▶ _Problem details_
Copy out the records that appear below, exactly as each one reads.

▶ _Material supplied_
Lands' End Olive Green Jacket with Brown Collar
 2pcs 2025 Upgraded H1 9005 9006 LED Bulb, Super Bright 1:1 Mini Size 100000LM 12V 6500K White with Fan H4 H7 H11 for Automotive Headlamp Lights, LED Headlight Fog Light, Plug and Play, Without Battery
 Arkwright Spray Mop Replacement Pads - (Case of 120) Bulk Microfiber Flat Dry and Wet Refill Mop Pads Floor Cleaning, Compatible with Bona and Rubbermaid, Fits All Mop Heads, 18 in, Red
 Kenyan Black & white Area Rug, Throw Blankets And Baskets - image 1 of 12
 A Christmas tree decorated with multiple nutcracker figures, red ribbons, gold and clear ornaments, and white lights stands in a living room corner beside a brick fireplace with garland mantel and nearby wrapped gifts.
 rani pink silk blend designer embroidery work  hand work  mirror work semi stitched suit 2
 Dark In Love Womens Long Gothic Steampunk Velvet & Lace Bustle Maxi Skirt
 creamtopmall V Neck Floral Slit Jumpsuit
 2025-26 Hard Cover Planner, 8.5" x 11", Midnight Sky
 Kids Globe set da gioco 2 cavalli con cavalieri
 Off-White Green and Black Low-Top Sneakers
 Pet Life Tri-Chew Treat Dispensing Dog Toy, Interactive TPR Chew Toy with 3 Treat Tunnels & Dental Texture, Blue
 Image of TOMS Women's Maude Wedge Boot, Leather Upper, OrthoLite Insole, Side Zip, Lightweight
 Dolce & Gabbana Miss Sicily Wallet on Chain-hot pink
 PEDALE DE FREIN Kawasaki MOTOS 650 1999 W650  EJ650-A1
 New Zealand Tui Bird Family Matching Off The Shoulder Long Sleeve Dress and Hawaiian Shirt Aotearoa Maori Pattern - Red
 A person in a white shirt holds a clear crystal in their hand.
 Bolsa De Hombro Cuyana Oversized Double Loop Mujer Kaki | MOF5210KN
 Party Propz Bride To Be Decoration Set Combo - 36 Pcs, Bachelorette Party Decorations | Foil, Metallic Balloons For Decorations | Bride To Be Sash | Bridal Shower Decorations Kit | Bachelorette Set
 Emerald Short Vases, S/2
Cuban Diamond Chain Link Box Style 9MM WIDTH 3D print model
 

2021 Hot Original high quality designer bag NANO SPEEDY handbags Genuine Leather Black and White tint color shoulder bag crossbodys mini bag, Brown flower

▶ _Solution to the problem_
Lands' End Olive Green Jacket with Brown Collar
 2pcs 2025 Upgraded H1 9005 9006 LED Bulb, Super Bright 1:1 Mini Size 100000LM 12V 6500K White with Fan H4 H7 H11 for Automotive Headlamp Lights, LED Headlight Fog Light, Plug and Play, Without Battery
 Arkwright Spray Mop Replacement Pads - (Case of 120) Bulk Microfiber Flat Dry and Wet Refill Mop Pads Floor Cleaning, Compatible with Bona and Rubbermaid, Fits All Mop Heads, 18 in, Red
 Kenyan Black & white Area Rug, Throw Blankets And Baskets - image 1 of 12
 A Christmas tree decorated with multiple nutcracker figures, red ribbons, gold and clear ornaments, and white lights stands in a living room corner beside a brick fireplace with garland mantel and nearby wrapped gifts.
 rani pink silk blend designer embroidery work  hand work  mirror work semi stitched suit 2
 Dark In Love Womens Long Gothic Steampunk Velvet & Lace Bustle Maxi Skirt
 creamtopmall V Neck Floral Slit Jumpsuit
 2025-26 Hard Cover Planner, 8.5" x 11", Midnight Sky
 Kids Globe set da gioco 2 cavalli con cavalieri
 Off-White Green and Black Low-Top Sneakers
 Pet Life Tri-Chew Treat Dispensing Dog Toy, Interactive TPR Chew Toy with 3 Treat Tunnels & Dental Texture, Blue
 Image of TOMS Women's Maude Wedge Boot, Leather Upper, OrthoLite Insole, Side Zip, Lightweight
 Dolce & Gabbana Miss Sicily Wallet on Chain-hot pink
 PEDALE DE FREIN Kawasaki MOTOS 650 1999 W650  EJ650-A1
 New Zealand Tui Bird Family Matching Off The Shoulder Long Sleeve Dress and Hawaiian Shirt Aotearoa Maori Pattern - Red
 A person in a white shirt holds a clear crystal in their hand.
 Bolsa De Hombro Cuyana Oversized Double Loop Mujer Kaki | MOF5210KN
 Party Propz Bride To Be Decoration Set Combo - 36 Pcs, Bachelorette Party Decorations | Foil, Metallic Balloons For Decorations | Bride To Be Sash | Bridal Shower Decorations Kit | Bachelorette Set
 Emerald Short Vases, S/2
Cuban Diamond Chain Link Box Style 9MM WIDTH 3D print model
 

2021 Hot Original high quality designer bag NANO SPEEDY handbags Genuine Leather Black and White tint color shoulder bag crossbodys mini bag, Brown flower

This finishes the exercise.